Como se vê, é desnecessário ser especialista para se reconhecer um verdadeiro paradoxo nas atribuições do delegado de polícia. Mas o contra-senso não para por ai, isto é, sabendo-se que realmente a investigação não é realizada pelo delegado e sim pelos policiais que vão a campo efetuar a investigação, os treinamentos e especializações deveriam ser direcionados a esses policiais que realmente investigam, mas não é isso que acontece, no instante no qual surge a oportunidade de realização de aprimoramento através de cursos, na maioria das vezes quem vai fazê-lo é o delegado que nunca coloca em prática o que aprendeu, incrementando a ineficácia policial com o consequente dano à sociedade.

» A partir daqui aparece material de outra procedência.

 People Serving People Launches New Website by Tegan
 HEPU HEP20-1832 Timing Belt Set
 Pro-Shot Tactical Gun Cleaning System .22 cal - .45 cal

Ao que parece, os delegados sempre aspiraram exercer a tão sonhada "atividade jurista", mas policial-jurista faz sentido? Isso soa como um desvario. Afinal, não é o policial quem deve esclarecer uma infração penal? Por outro lado, juristas não são os profissionais que lidam com a ciência jurídica, cujas tarefas associam-se à sistematização do ordenamento jurídico? Realmente, não tem cabimento essa distorcida concepção jurista para a polícia, o policial deveria ter o foco centrado nas técnicas de investigação e prevenção ao crime, em lugar de divagar no exercício de seu trabalho. A pretensão de ser policial-jurista é uma clara ofensa à lógica, mas os delegados nunca desistiram dessa quimera, concentrando as suas forças no Poder Legislativo a fim de modificar a norma legal em proveito próprio. Já na Constituição Federal de 1988 foi inserido o termo "polícia judiciária", inexistente na CF de 1967, nessa expressão o verbete “judiciária” é impróprio para designar atividades policiais. Vejamos a definição de De Plácido e Silva, para a palavra JUDICIÁRIO, em seu Vocabulário Jurídico, Ed. Forense 11a Edição:
“Derivado do latim 'judiciarius', adjetivamente é empregado o vocábulo, na linguagem forense, para designar tudo que se refere à justiça ou ao juiz. Substantivamente, é usado para designar um dos poderes públicos, a que se comete autoridade para administrar a justiça.” Portanto, as autoridades policiais conseguiram inserir esse termo inepto na nossa Constituição Federal. Assim, a utopia permeia os devaneios da categoria que sempre lutou com persistência a fim de atingir as suas cobiças corporativistas. Para isso, o caminho mais curto, segundo eles próprios, é através do parlamento, dessa forma, hoje no Congresso Nacional há vários parlamentares-delegados (ou delegados-parlamentares) que tentam legislar em benefício da própria categoria ou procuram convencer os demais congressistas a apoiarem as suas idéias. Dentre esses intentos está o recente Projeto de Lei da Câmara (PLC) 132 que tramitou rapidamente no CN e teve várias manifestações contrárias, uma delas é originária do mestre Wendell Beetoven Ribeiro Agra, promotor de Justiça (MPRN), especialista em Direito Processual Civil e mestrando em Segurança Pública, vejamos suas razões: "O PLC 132, como um todo, representa um retrocesso, na medida em que consolida um instrumento obsoleto como o inquérito policial como o principal meio de investigação policial, favorecendo ainda o bacharelismo ao privilegiar uma classe de policiais civis (os delegados) em detrimento das demais (agentes, escrivães peritos e papiloscopistas), criando uma espécie de "magistratura policial". Nesse contexto, o indiciamento é mais uma burocracia inútil que, agora, ganha o potencial de repercutir negativamente na persecução penal, sem trazer, em contrapartida, qualquer garantia adicional ao investigado." Apesar dos significativos apelos de autoridade especialistas no assunto, contrários a esse disparate, em 20 de junho de 2012 o PLC 132 transformou-se na Lei 12.830.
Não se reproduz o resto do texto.